But we wanted to point out a big point that the media seem to be missing. Most reports see this as a vindication of former Sen. Stevens, and a sign that prosecutorial misconduct will not be tolerated by the DOJ. In fact, however, the DOJ’s action means anything but that.

Stevens was convicted last October after a jury trial in D.C., during which the government withheld important Brady material — the judge said the prosecutors did so intentionally, and an FBI agent later confirmed that it was intentional. In addition, the prosecutors had a witness who, when they found out his testimony could clear Stevens of any guilt, they sent home to Alaska to conceal him from the defense. There were also inappropriate dealings between FBI agents and the government’s star witness, including an apparent sexual relationship.

The prosecutors continued to screw up, failing to turn over documents to the defense as ordered by the judge after all this came out. Understandably, the prosecutors were held in contempt, and taken off the case.

The case had gone from a trumpeted victory for the DOJ, to a squalid embarrassment.

So now, yesterday, the DOJ filed a motion to have all the charges against Sen. Stevens dismissed. They’re holding it out as a heroic act, that they’re doing the just and proper thing, that AG Holder is sending a message to prosecutors at the DOJ that further misconduct will not be tolerated.

We call shenanigans.

This dismissal of the charges is nothing more than an attempt to sweep the whole nefarious affair under the rug. The case goes away, so the problem goes away. There will be no further need for the scrupulous investigation of what went wrong at Justice. There will be no need to hold costly and embarrassing internal reviews. There will be no need for further media scrutiny.

The DOJ should not be permitted to escape whipping, by its own unilateral decision to drop a case. That’s not good enough.

This prosecution of this case was bizarre from the get-go.

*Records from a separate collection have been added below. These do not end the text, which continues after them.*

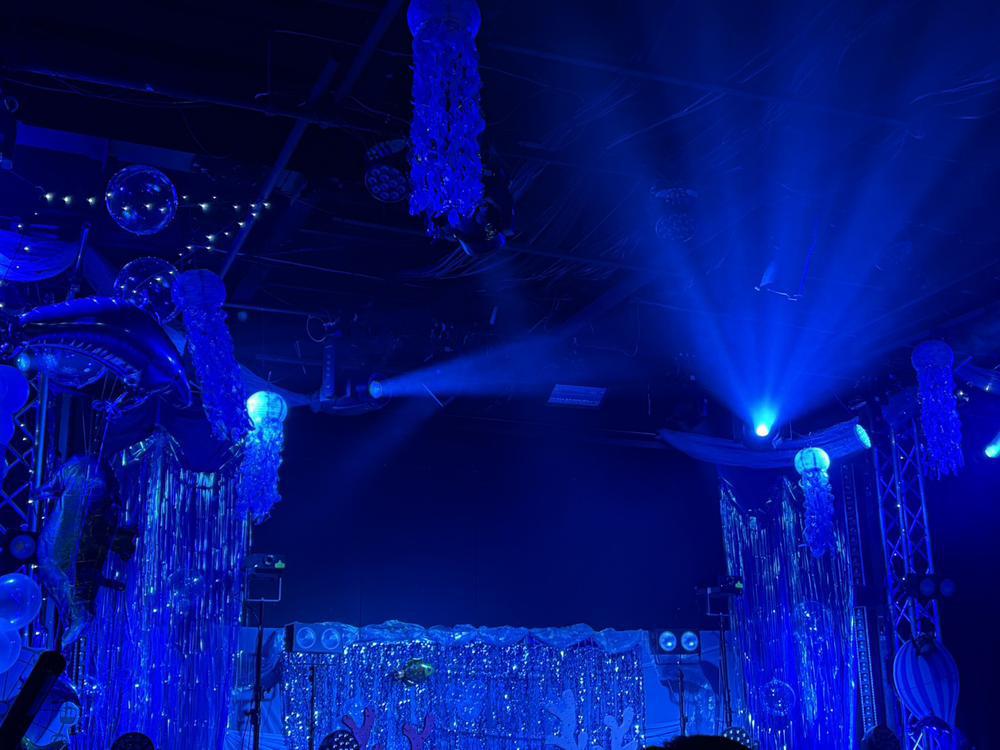 水族館みたい🐬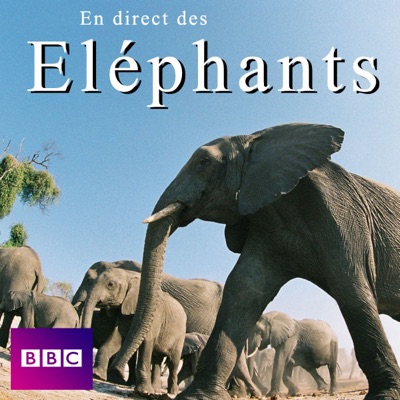 Acheter En direct des éléphants en DVD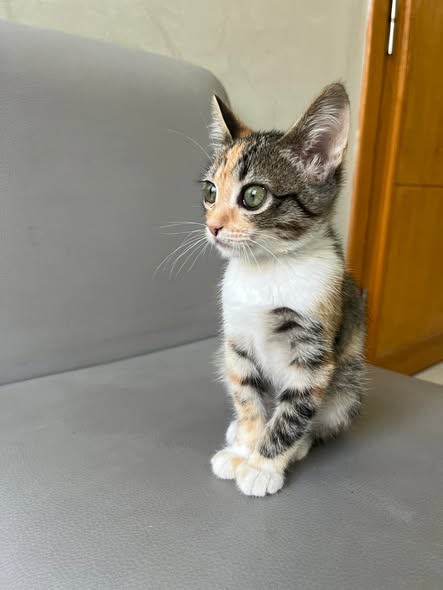 Chat à adopter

It was rushed to indictment hastily, mere days before the primaries in an important election (in violation of DOJ rules prohibiting indictments that could affect the outcome of an election, by the way). The prosecutors intentionally withheld evidence that seems to show the Senator didn’t commit the crime he was accused of. They violated court orders. They tried to hide a key witness from the defense. And ironically, these were prosecutors in the Public Integrity unit, of all things.

Now they want to make it all go away. Here’s hoping that Congress, the courts and the media see through this little ploy, and keep on investigating just what the heck is going on in the DOJ these days.

Supreme Court: If Prosecution Breaches Plea Deal, OBJECT!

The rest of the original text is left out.